Homem em transição, é humorista e roteirista

Peço licença para conversar sobre um colega de profissão, Dave Chappelle. Quando a Folha me ligou e contextualizou a polêmica do último solo do humorista, confesso que já queria opinar com o fígado. Mas resolvi assistir a "Encerramento" com um olhar mais técnico.

Além da barreira da linguagem, há referências locais e polêmicas específicas dos Estados Unidos e, sendo eu um cabra nordestino, entendo que a identificação nem sempre vai acontecer de pronto.

Para quem não consome comédia stand-up: o cara é uma referência reverenciado pela classe e sua persona no palco é transgressora.
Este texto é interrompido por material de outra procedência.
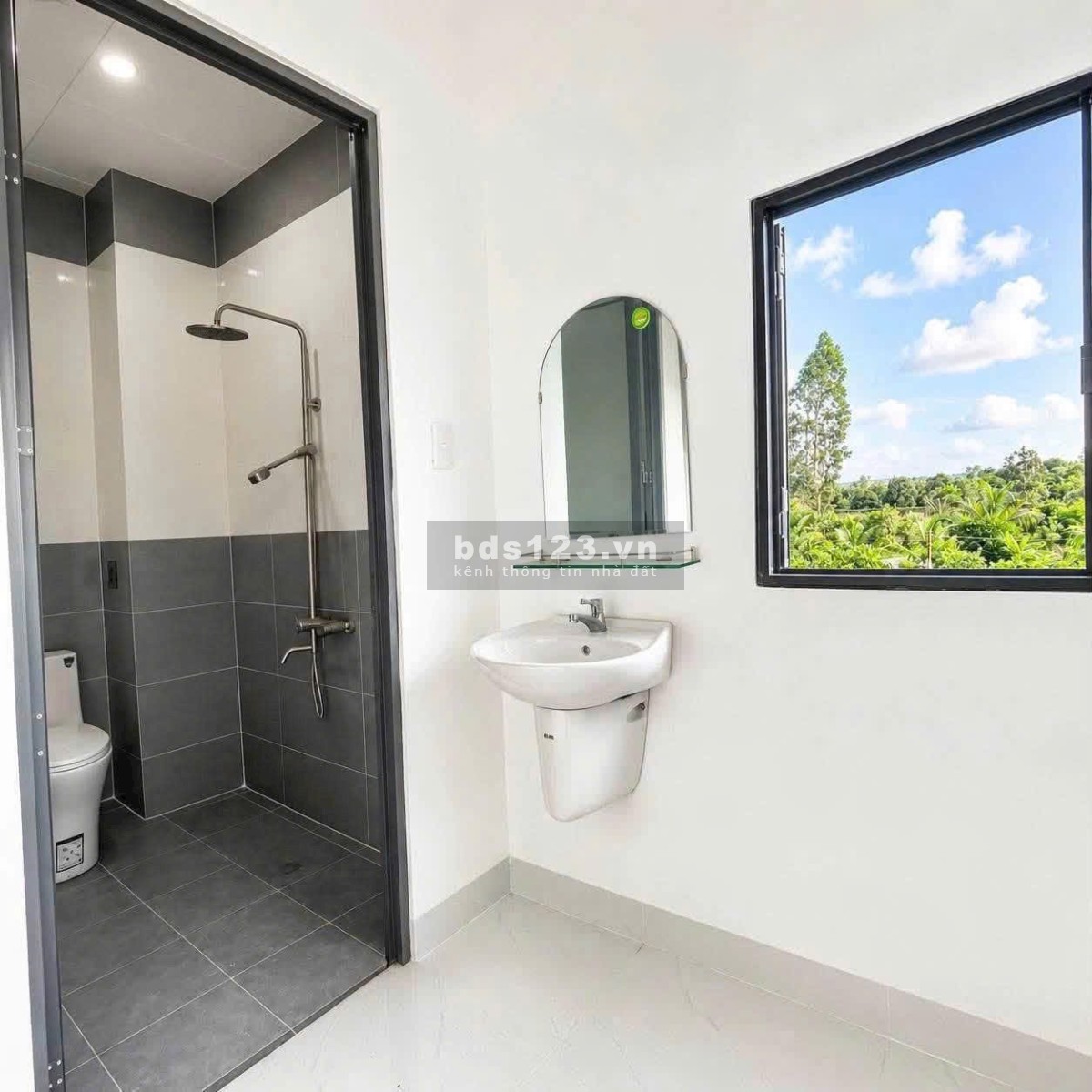 NHÀ 1 TRỆT 1 LẦU, 3PN, 2WC GIÁ CHỈ 2 TỶ 090 TRIỆU
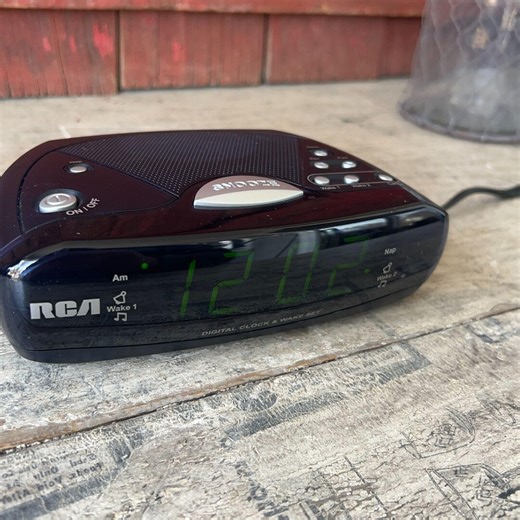 RCA Vintage Digital Alarm Clock Radio Model RP4842NB Black Tested and Works - Etsy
A meu ver, tem uma obsessão em "bater" em todos, mas sua predileção é por criticar os brancos e seus privilégios.

NETFLIX Dave CHAPPELLE
O humorista Dave Chappelle - Rebecca Smeyne 30.set.2017/The New York Times

Dito isso, volto ao meu lugar de fala. Um homem trans humorista latino-americano sem dinheiro no bolso.
Dave Chappelle é figurinha antiga no baralho de "inimigos" da comunidade trans. Assistir a "Encerramento", seu último especial de comédia na Netflix, não foi um choque, mas uma confirmação.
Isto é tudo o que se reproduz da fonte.